┌──

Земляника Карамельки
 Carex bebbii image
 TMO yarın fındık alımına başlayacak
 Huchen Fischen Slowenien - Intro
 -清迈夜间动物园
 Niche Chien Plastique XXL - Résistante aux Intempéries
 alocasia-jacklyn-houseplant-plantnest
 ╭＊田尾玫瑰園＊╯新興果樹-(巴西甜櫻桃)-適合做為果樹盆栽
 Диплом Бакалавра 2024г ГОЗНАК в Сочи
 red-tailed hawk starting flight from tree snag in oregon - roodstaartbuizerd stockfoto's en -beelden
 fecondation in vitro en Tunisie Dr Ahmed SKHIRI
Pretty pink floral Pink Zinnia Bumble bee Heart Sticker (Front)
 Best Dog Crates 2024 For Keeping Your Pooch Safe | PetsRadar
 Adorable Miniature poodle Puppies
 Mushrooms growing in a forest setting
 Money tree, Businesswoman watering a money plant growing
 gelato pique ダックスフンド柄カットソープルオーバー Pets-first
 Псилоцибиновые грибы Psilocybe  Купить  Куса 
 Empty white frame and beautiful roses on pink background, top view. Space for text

└──

_What the task asks:_
The task here is to output the line with "Huchen Fischen Slowenien - Intro" and all lines after it to the end of the records above, exactly and only those.

_Exercise solution:_
 Huchen Fischen Slowenien - Intro
 -清迈夜间动物园
 Niche Chien Plastique XXL - Résistante aux Intempéries
 alocasia-jacklyn-houseplant-plantnest
 ╭＊田尾玫瑰園＊╯新興果樹-(巴西甜櫻桃)-適合做為果樹盆栽
 Диплом Бакалавра 2024г ГОЗНАК в Сочи
 red-tailed hawk starting flight from tree snag in oregon - roodstaartbuizerd stockfoto's en -beelden
 fecondation in vitro en Tunisie Dr Ahmed SKHIRI
Pretty pink floral Pink Zinnia Bumble bee Heart Sticker (Front)
 Best Dog Crates 2024 For Keeping Your Pooch Safe | PetsRadar
 Adorable Miniature poodle Puppies
 Mushrooms growing in a forest setting
 Money tree, Businesswoman watering a money plant growing
 gelato pique ダックスフンド柄カットソープルオーバー Pets-first
 Псилоцибиновые грибы Psilocybe  Купить  Куса 
 Empty white frame and beautiful roses on pink background, top view. Space for text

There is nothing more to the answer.